The one I have (VIEW) does not seem to work, just gave me all the rtf tags.

The simplest solution was to ask for them to convert the rtf to ascii and give
8-character distinct file names.


#2 of 269 by keesan on Mon Apr 8 15:09:42 2002:

I converted the rtf to ascii and here is what I got.  Is this some cousin of
html?  Why would it be sent to a translator?  I omitted company name.

C:\DOWNLOAD\ANCILLAR.RTF


 
Normal;tw4winMark;tw4winError;tw4winPopup;tw4winJump;tw4winExternal;tw4winIntern
 l;tw4winTerm;DO_NOT_TRANSLATE;

<stf "F3.01">

<sourcecharset "Normal">

<sourcelanguage "English (US)">

<sourcehyphenation "Turn Off">

Solution_278004r2¨Phase1_convertions_for_translation¨mif¨278004-002-body.mif">

<bb "Cross-Reference Formats">

<bb "Variable"><:v "<:bb "paratext[Chapter Title]">" 1>

<vfmt "Running H/F 3"><:bb "paratext[Chapter Title]">

<bb "Variable"><:v "<:bb "curpagenum">" 2>

<vfmt "Current Page #"><:bb "curpagenum">

<bb "Variable"><:v "User's Guide" 3>

<vfmt "Manual Title">{>User's Guide<}{User's Guide<0}

(there was lots more - with all the actual English words doubled)

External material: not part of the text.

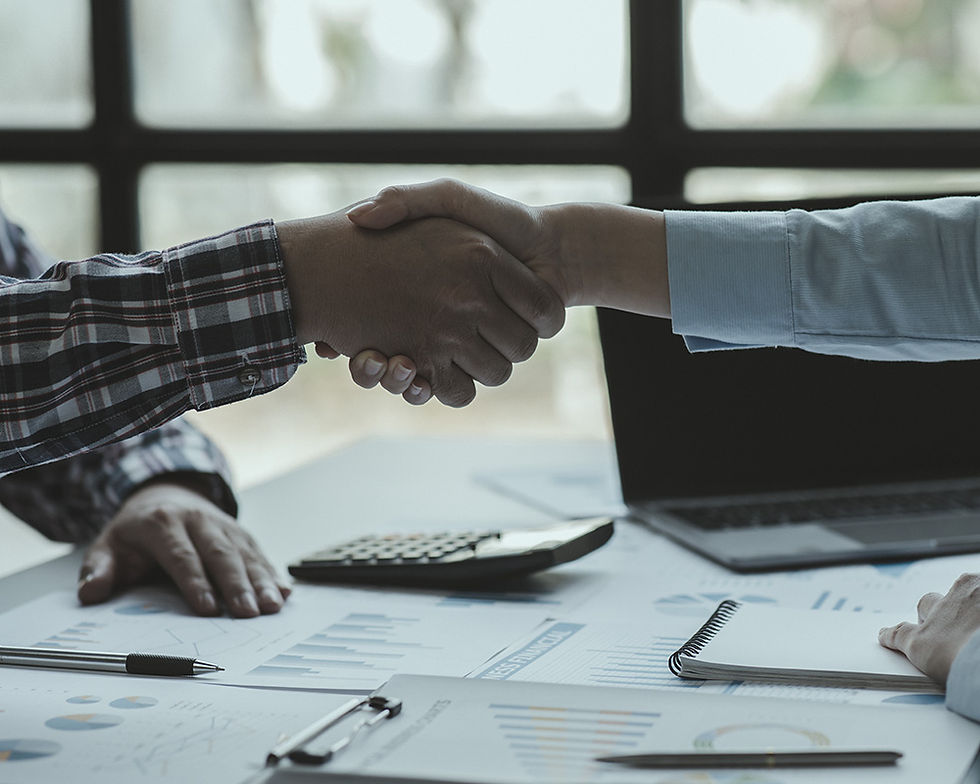 An HMC customer shakes hands to secure equipment financing.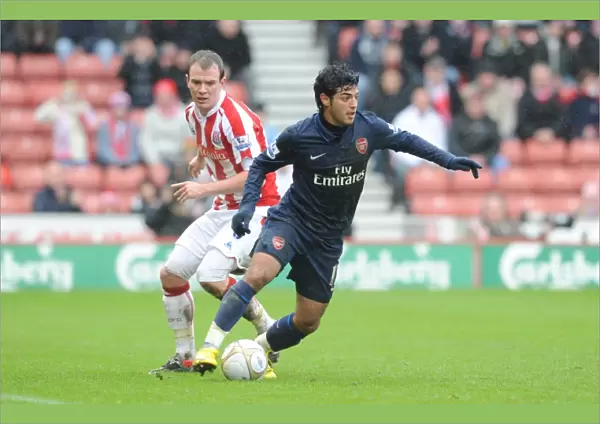Carlos Vela (Arsenal) Glenn Whelan (Stoke). Stoke City 3: 1 Arsenal, FA Cup 4th round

#3 of 269 by aruba on Mon Apr 8 15:36:48 2002:

RTF is a file format that stores typesetting information as well as text,
though the file itself is text.  If you want to send someone a Word
document, you can save it as RTF and send that without losing the
formatting.  It's easier to transmit, since it's text and smaller than the
original word doc, and portable to other applications (and among different
versions of Word).  It also can't contain viruses the way a Word doc can.


#4 of 269 by keesan on Mon Apr 8 16:13:12 2002:

That is interesting to know about the viruses and about RTF being portable
between versions of WORD.  I used a program called VIEW to convert the RTF
to ascii.  All those tags are TRADOS tags.  The person who sent the zip file
said she would send me an rtf file.  I have no idea what that will be.
What is TRADOS?  Why are all the English phrases in it doubled?  They
apparently converted the TRADOS to rtf.  This is all from a Czech translation
agency which for some reason is translating a computer manual from English
to Macedonian and found my website.  


#5 of 269 by keesan on Mon Apr 8 16:18:58 2002:

TRADOS is software for translations and localization.  The Czechs are doing
software localization - anyone have any experience in that?  We had a French
friend who was doing it and had to make the French short enough to fit into
the space occupied by the English.  His primary complaint is that the software
was badly written even in English.


#6 of 269 by krj on Mon Apr 8 17:04:20 2002:

(RTF stands for Rich Text Format, IIRC.)


#7 of 269 by rlejeune on Mon Apr 8 20:32:44 2002:

I thought it was an abbreviation of RTFM. 


#8 of 269 by keesan on Tue Apr 9 00:34:34 2002:

Still no new file.  I cannot even imagine what format the Macedonian might
arrive in.  We may end up going the scan-print-pdf route again.  I can convert
pdf to pbm or ps now and read it, at least.  Perhaps they can export to html?


#9 of 269 by gelinas on Tue Apr 9 03:16:16 2002:

Try moving the first file, giving it a new name, then let pkunzip overwrite
when it gets to the second file.  Thus you would end up with

        file1new                # the first file with a new name
        file1                   # the second file with the first name
        file3S                  # the third file


#10 of 269 by keesan on Tue Apr 9 13:21:25 2002:

How do I use pkunzip to unzip files one at a time rather than all at once?
This is purely theoretical by now. They finally realized that I am not a
native speaker of Macedonian, which I have been telling them all along, when
I pointed out that I cannot correct grammar errors in their Macedonian.
Somehow I was not expecting this to turn into paid employment.
I think somewhere I may have a .doc file for pkunzip.....


#11 of 269 by tsty on Tue Apr 9 13:51:04 2002:

pkzip/unzip comes with its own help file ...


#12 of 269 by keesan on Tue Apr 9 13:52:46 2002:

You mean pkunzip /h or /?  I will try that.  Thanks.  Curious what form the
Macedonian is in. One time someone sent me Cyrillic that consisted solely of
?? ? ????? ??. They saved it as text but not as Cyrillic.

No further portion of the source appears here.